Once upon a time a prim and proper housewife stepped out into the wide world to find herself. She went back to college and morphed into a political activist, changed, grew-up, but did not find a pot of gold at the end of the rainbow.
That's my story - Pushing Boundaries. I am introducing it this afternoon.
How did it happen? Well, for starters it was all Jim's fault. When he and his colleagues in the residency at the University of North Carolina read The Feminine Mystique by Betty Friedan he brought the book home - and I read it. I GOT it. And - - it started my story.
REPORT ON THE STORY (added February 16)
Today I am grateful to all who came and it was a crowd - family, friends, storytellers, fellow travelers on the road with the women artists' movement and people who enjoy my storytelling. And they came from out-of-town too, Frederick, Baltimore and Fredericksburg, VA. That truly touched me. Thank you, thank you, thank you - because there are no stories without people to listen it out of you! They were there.
Early in the day I was still mentally hashing over how to do this turn in the story or that and I need a little dash of something - about Jim - he is certainly a key player. Then, I got Mary's comment below - PERFECT - a Prince - the missing ingredient for the folktale references. I achieved the woman's goal of the 1950s in 1955 - I got my own Prince. He loved it - and so did everyone else.
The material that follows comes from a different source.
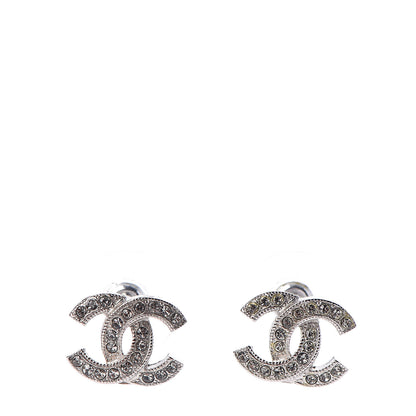 Chanel Crystal CC Earrings Silver 1 of 5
Thanks, Mary.
I invited three women as special guests to say a few words at the beginning - Fran Abrams, Director of Grants for the Arts and Humanities Council of Montgomery County, MD who awarded the grant which made the story possible by providing incentive and the backing which made it possible for me to work with storyteller Elizabeth Ellis as I developed the story.
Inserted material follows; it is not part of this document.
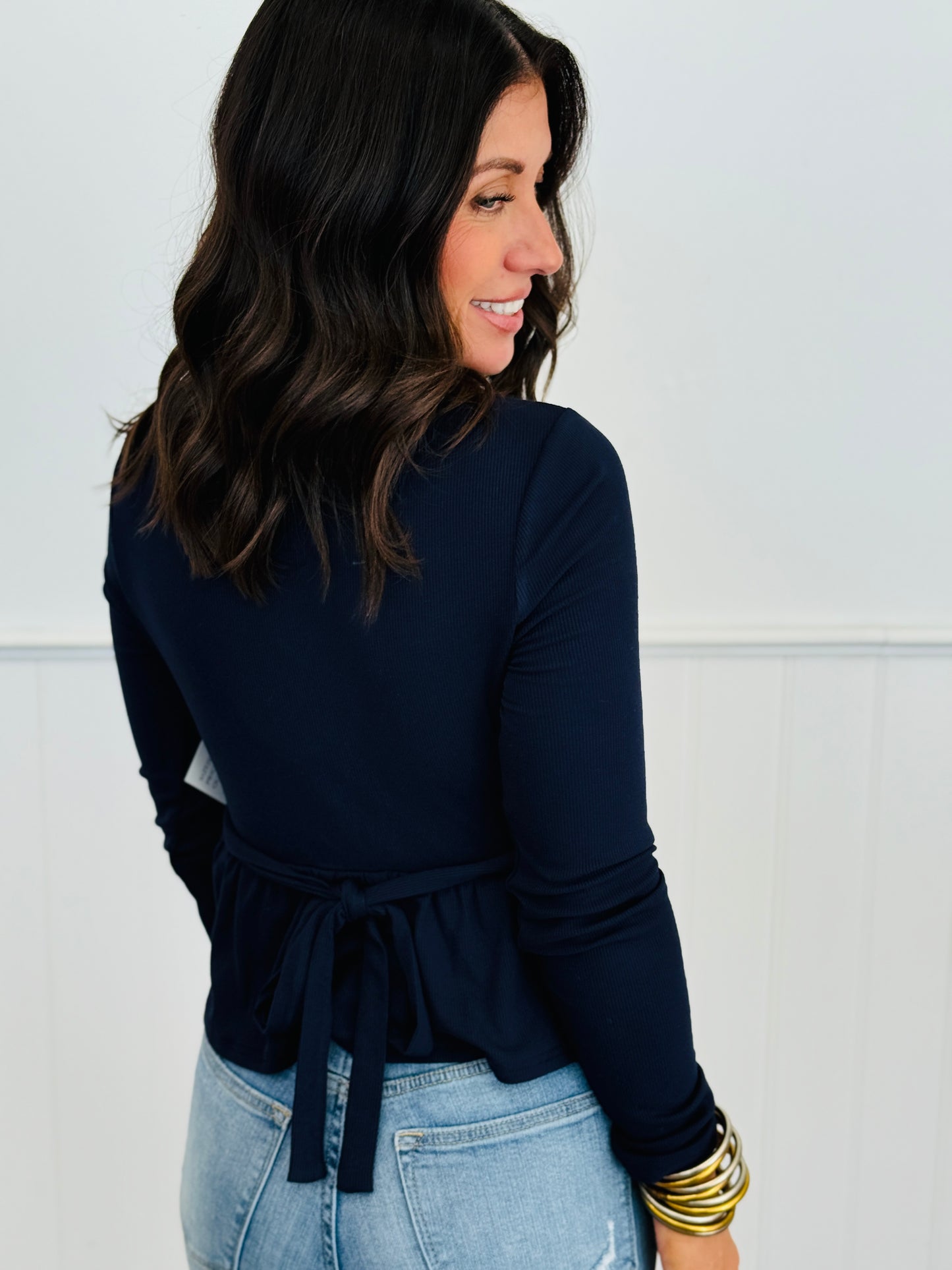 Navy Babydoll Tie Back  Blouse (Reg.)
State Senator Jennie Forehand(MD)- we go back a long ways - to the second grade at Elizabeth School in Charlotte, NC and I have been proud to watch her career in the MD Legislature which began in 1978. She surprised us all with a bit of connecting history - a staff a relative carried as a marching suffragette.
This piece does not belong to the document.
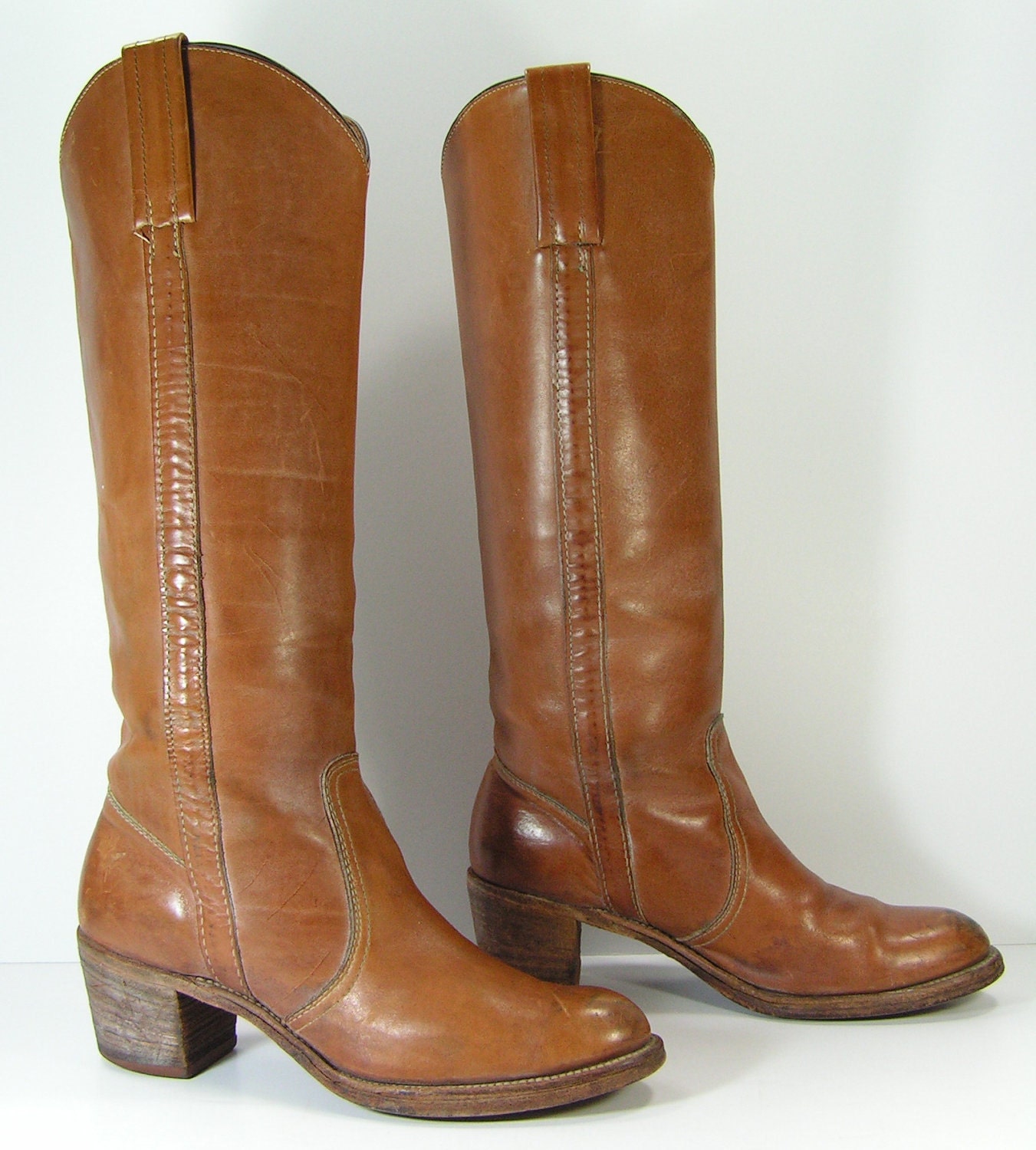 frye campus boots womens 9 AA narrow brown vintage western cowboy cowgirl leather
Josephine Withers, PhD . Josephine, an art historian who fought for and won her tenure at the Univ. of MD in a time when women in academia were "last hired - first fired" connected us to the early days of organizing for women artists and to the Washington Women's Arts Center - where many women in art in the DC area found a like-minded community of women and supported each other as they learned how to survive and succeed in a male-favoring art world.
Josephine and I have crossed paths many times since the 1970s and we team together these days - a Life Coach and A Storyteller - to lead workshops on living your stories.
Then I told Pushing Boundaries - a story which touches on my journey from 1954 to 1982 - the period when women in the United State were actively engaged in political battles to gain equal rights under the law. You know, pass the Equal Rights Amendment.
We lost the campaign by a narrow margin and many still hope to win it one day. Did you know that the ERA has been introduced in Congress - House and Senate every session since 1982? Read about it HERE.
In Pushing Boundaries there are teachers and villains, wins and losses, companions on the journey and Sisters, and of course there is a Prince. Laughter and tears, too. My friend, storyteller Cricket Parmelee wrote - "every time you went for a laugh, you got it."
Laughter helps grieving - and I found out in telling this story that I still grieve the loss of the Equal Rights Amendment. Other women have told me they feel the same.
THE EQUAL RIGHTS AMENDMENT
Section 1. Equality of rights under the law shall not be denied or abridged by the United States or by any state on account of sex.
Section 2. The Congress shall have the power to enforce, by appropriate legislation, the provisions of this article.
Section 3. This amendment shall take effect two years after the date of ratification.
Simple isn't it? What was all the fuss about?
I want it for my daughters and grand-daughters - how about you?